January 26 2013
The Near Daily K
It’s 4:30 am. Dylan and I are wide awake. My dog is in the
corner of this room, that I call my office, staring up at me from the floor. I
don’t know what Dylan would do if I wasn’t in his world. Joan says that when I
leave the house he whines the whole time that I am gone. He has separation
anxiety bad. He has, also, developed a problem in that he runs off into the
hood when I let him out, with his brother Morisson, to use the facility at
night. I will have to start keeping him on leash for such visits. Joan informs
me that Cobb County charges you $241 if they pick your dog up wandering around.
I have Neil Young playing, and am about to see what poems are in me, this
morning. I like this Billy Collins quote that I found yesterday in his
introduction to the book “180 More Extraordinary Poems for Every Day:”
“Some poems talk to us; others want us to witness an act of
literary experimentation.”—Billy Collins
Collins follows up this statement by saying, “If you need to
cut an entrance into a poem, who is going to bother?
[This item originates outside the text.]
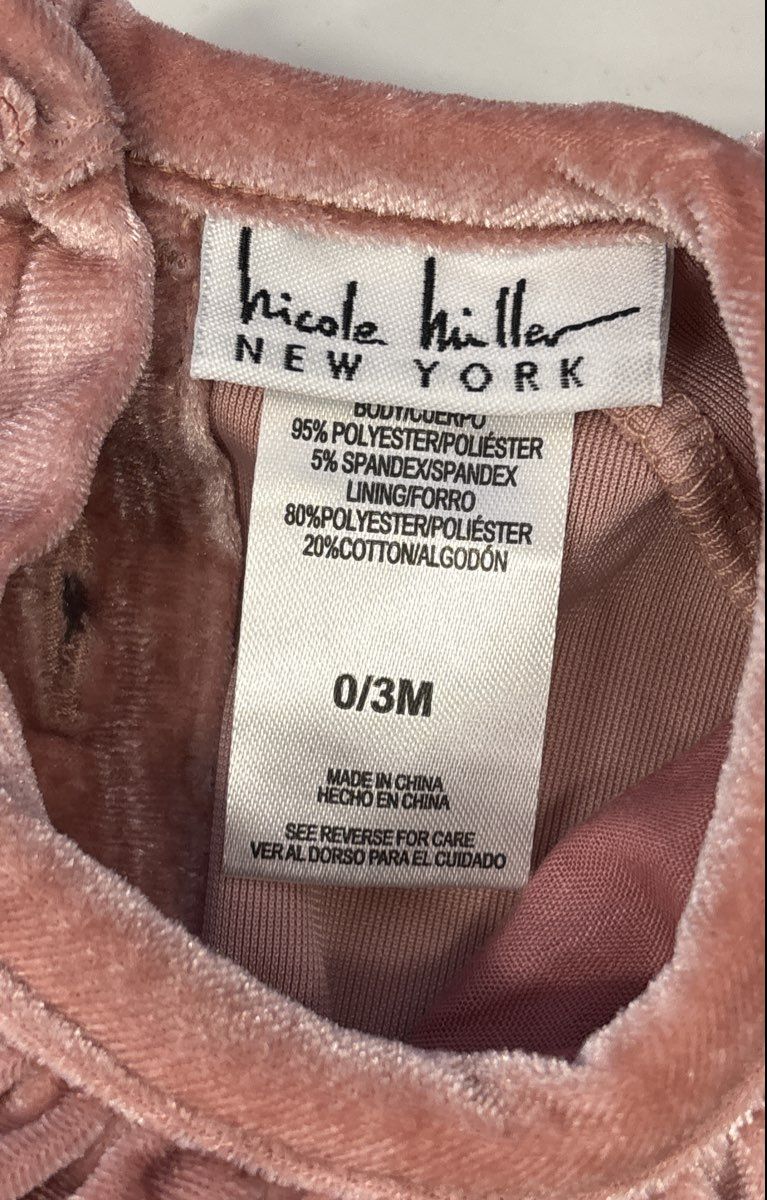 Nicole Miller New York Baby Girls Pink Velvet Ruffle Romper Sz 0/3M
Why should a reader be
asked to commit repeated acts of breaking and entering?”
The funny thing is that I had trouble, last night, accessing
the first four, or five, poems that Collins had chosen for his anthology. I
guess that one man’s accessibility is another man’s inaccessibility.
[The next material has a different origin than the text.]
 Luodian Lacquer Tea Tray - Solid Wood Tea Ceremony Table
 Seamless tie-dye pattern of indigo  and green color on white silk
I do agree with Collins sentiment, in his statement, though:
I don’t want to have to fight with a poem to read it. I want it to be a fun
experience. That is my goal in writing poems, also.
I’m sucking down the lousy dollar store antihistamines
hoping that they will give me some relief from this shit case of itchy eye that
I have today. I love my dogs and cats but they irritate both my eyes and my
sinuses. I know that the dollar store crap won’t work, but I am desperate; out
right now of the better pharmacy pills.